On a personal level, I have felt hugely welcome in both the MRC and EFSTH departments, and feel that I am genuinely helping both departments in the time I’m here.


What challenges have you identified so far?


My time in The Gambia is split between the MRC clinic and the Edward Francis Small Teaching Hospital, and both have very different challenges.


The MRC clinic is a modern facility with a relatively western-style system in place for patient care. They have electronic medical records and a simple PACS for reviewing plain film radiographs.


The staff here are dedicated, keen to learn and competent, but are all relatively junior and seem to have appreciated some training and guidance, even when its coming from someone who’s still a registrar!


EFSTH on the other hand has several consultant radiologists, and have a visiting Professor of Radiology helping to develop their services. However the infrastructure here is less than ideal.


All radiographs are analogue, printed on cellulose film and carried with the patients leading to significant film degradation.


X-rays are being dried in the hot air coming out of the air conditioner


They have a 2-slice CT scanner but this is often out-of-action due to difficulty in getting adequate maintenance, and similarly their mammography unit and a 0.35T MRI scanner have not been in working condition for several years.


What have you achieved so far?


On initially reading this question I panicked a little, as it’s really quite difficult to pinpoint a tangible outcome!
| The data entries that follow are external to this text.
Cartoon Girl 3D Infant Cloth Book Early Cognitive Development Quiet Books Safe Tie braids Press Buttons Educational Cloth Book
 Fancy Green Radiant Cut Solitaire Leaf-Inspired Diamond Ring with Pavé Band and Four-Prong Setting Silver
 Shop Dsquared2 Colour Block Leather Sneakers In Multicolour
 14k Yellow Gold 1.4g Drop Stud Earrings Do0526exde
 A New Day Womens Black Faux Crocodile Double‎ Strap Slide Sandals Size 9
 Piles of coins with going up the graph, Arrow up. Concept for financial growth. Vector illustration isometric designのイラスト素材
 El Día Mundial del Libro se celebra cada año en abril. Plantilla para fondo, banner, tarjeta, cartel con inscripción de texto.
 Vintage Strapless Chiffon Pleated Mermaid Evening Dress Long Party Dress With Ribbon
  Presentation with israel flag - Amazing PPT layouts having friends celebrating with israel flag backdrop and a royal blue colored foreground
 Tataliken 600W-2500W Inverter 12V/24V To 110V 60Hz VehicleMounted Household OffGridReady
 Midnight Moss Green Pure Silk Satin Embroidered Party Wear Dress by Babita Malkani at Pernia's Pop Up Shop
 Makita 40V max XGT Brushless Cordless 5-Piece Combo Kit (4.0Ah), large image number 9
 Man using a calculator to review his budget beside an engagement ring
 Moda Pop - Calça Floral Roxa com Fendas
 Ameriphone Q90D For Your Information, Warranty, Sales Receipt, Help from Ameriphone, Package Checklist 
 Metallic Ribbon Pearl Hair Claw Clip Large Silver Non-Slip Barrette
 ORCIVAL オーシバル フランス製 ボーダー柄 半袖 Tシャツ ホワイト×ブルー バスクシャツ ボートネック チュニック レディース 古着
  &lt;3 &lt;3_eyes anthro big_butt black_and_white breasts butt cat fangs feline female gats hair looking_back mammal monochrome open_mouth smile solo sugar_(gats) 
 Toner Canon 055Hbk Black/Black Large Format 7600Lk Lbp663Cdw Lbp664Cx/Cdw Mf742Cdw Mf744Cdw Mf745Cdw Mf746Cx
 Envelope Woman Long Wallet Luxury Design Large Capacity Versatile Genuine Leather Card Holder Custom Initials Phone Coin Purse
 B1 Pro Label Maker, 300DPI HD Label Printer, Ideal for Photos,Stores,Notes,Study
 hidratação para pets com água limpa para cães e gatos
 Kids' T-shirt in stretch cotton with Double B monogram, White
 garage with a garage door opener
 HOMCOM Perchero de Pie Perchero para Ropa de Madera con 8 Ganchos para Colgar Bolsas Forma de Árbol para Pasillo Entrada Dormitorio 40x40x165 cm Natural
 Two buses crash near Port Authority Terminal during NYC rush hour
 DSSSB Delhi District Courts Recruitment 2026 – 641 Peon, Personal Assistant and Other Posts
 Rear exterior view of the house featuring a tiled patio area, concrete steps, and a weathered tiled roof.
However looking back at the past 2 months, I have helped the sonography staff in the MRC improve their ability and confidence in scanning and reporting.


I’ve provided training to the clinical staff to improve the clinical history provided which has vastly improved the reports we’re able to give back – a win-win situation as the clinical staff have found the new reports to be much more clinically useful.


Furthermore, we’ve made changes to the plain film processing algorithm to improve the quality of plain film provision.


Ed draining an abscess in the leg of a patient with the help of a hand held ultrasound probe, avoiding the need for surgery.


On a personal note, I’ve found the past two months to be incredibly rewarding. Coming from a relatively “protected” training scheme, to being the radiology opinion to a whole clinic has been a significant step up in responsibility, and was initially quite daunting but has been incredibly empowering as I enter my final year of training.


Also, I have done more ultrasound scans in the past month than I have in 4 years! Ultimately I’m only one third of the way through my time here, and I’m excited to see what else we can achieve!